Lauren Fensterstock creates elaborate sculptures and installations that explore the evolving history of our relationship to nature through the merging of an environmental and metaphysical landscape. These intricate artworks are constructed in the material of ladies’ accomplishments—such as mosaic, quilled paper, and shell work—emphasizing the capacity of traditional female crafts to reflect on the complexities of the world beyond the domestic sphere.
Fensterstock has been awarded grants from United States Artists and the Groot Foundation. Her work has been the subject of major solo exhibitions at The Chrysler Museum, MOCA Jacksonville, The John Michael Kohler Art Center, The Bowdoin College Museum of Art, and Drexel University. Other recent exhibitions include The Renwick Gallery of the Smithsonian American Art Museum, Rijswijk Museum, Austin Contemporary, Des Moines Art Center, Wichita Museum of Art, Gibbes Museum, and the Brandywine Museum. Her work is represented by Claire Oliver Gallery in New York.
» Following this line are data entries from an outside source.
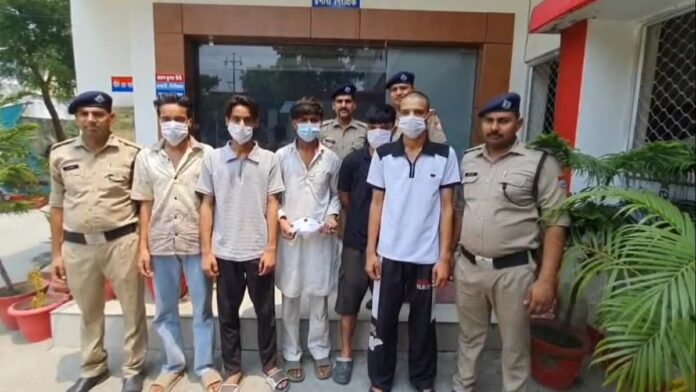 पुलिस गिरफ्त में खड़े मुकुल आर्या पर हमलावर आरोपी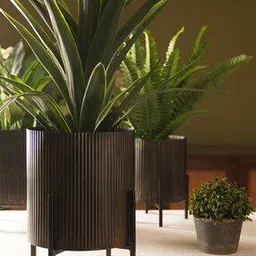 pure home and living Metal Textured Flower Pot with Stand-picture-14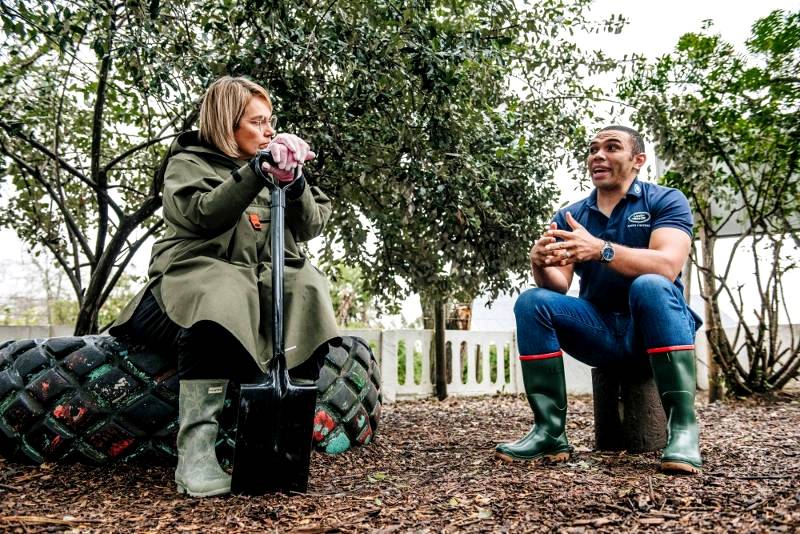 Land Rover joins forces with Bryan Habana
Outside the studio, Fensterstock has taught, lectured, and critiqued across the country. She recently served as the Lamar Dodd Professorial Chair at the University of Georgia and teaches regularly at the Rhode Island School of Design. She previously served as Academic Program Director of the Interdisciplinary M.F.A. in Studio Arts at Maine College of Art and as Interim Director of the Institute of Contemporary Art at Maine College of Art. Fensterstock holds degrees from the Parsons School of Design (B.F.A. 1997) and SUNY New Paltz (M.F.A. 2000). She is based in Portland, Maine.